Bluetooth Pairing With Gadgets Is Vulnerable To Easy Hack; Your Personal Details Can Be Stolen Via Bluetooth
The degree at which we are exposed to issues such as privacy breach, is a major concern and one of the most disapproving side of technology. The truth is with the advancement of technology, hackers and their hacking techniques are getting more and more sophisticated.
Today, almost everyone is connected to a Bluetooth device wirelessly, promising to make their lives easier. Unfortunately, the more we’ve grown to rely on it, the more these devices have been susceptible to hacks and invasion of privacy.
Bluetooth Devices are Vulnerable to Hacking
Be it a fitness tracker, smartwatch, smart speaker or smart home assistant, the way Bluetooth devices communicate with the mobile apps leaves room for hackers to steal sensitive personal information.
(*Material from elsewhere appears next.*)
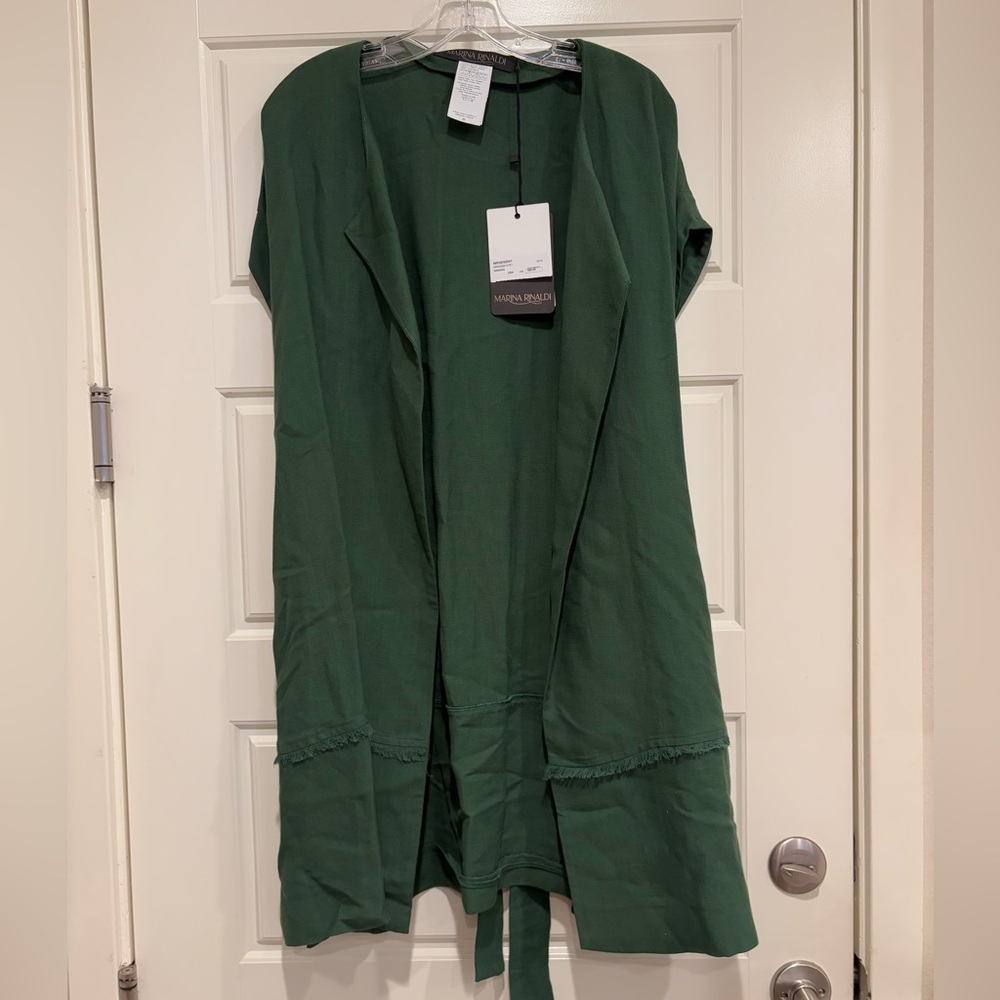 Marina Rinaldi Kimono/ Coat/ Top with Belt in Green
We are lucky to have been informed of such happenings, as these devices and our dependence on them have come a far way.
Like we were saying, there have been recent discovery by the Association for Computing Machinery’s Conference on Computer and Communications Security held in London from November 11-15.
As per them, an inherent design flaw makes mobile apps that work with Bluetooth Low Energy devices vulnerable to hacking. This happens at the very initial stage, when the device is just paired to the mobile app.
While the magnitude of that vulnerability varies, it has been found that this is a rather deep rooted problem among Bluetooth low energy devices when communicating with mobile apps.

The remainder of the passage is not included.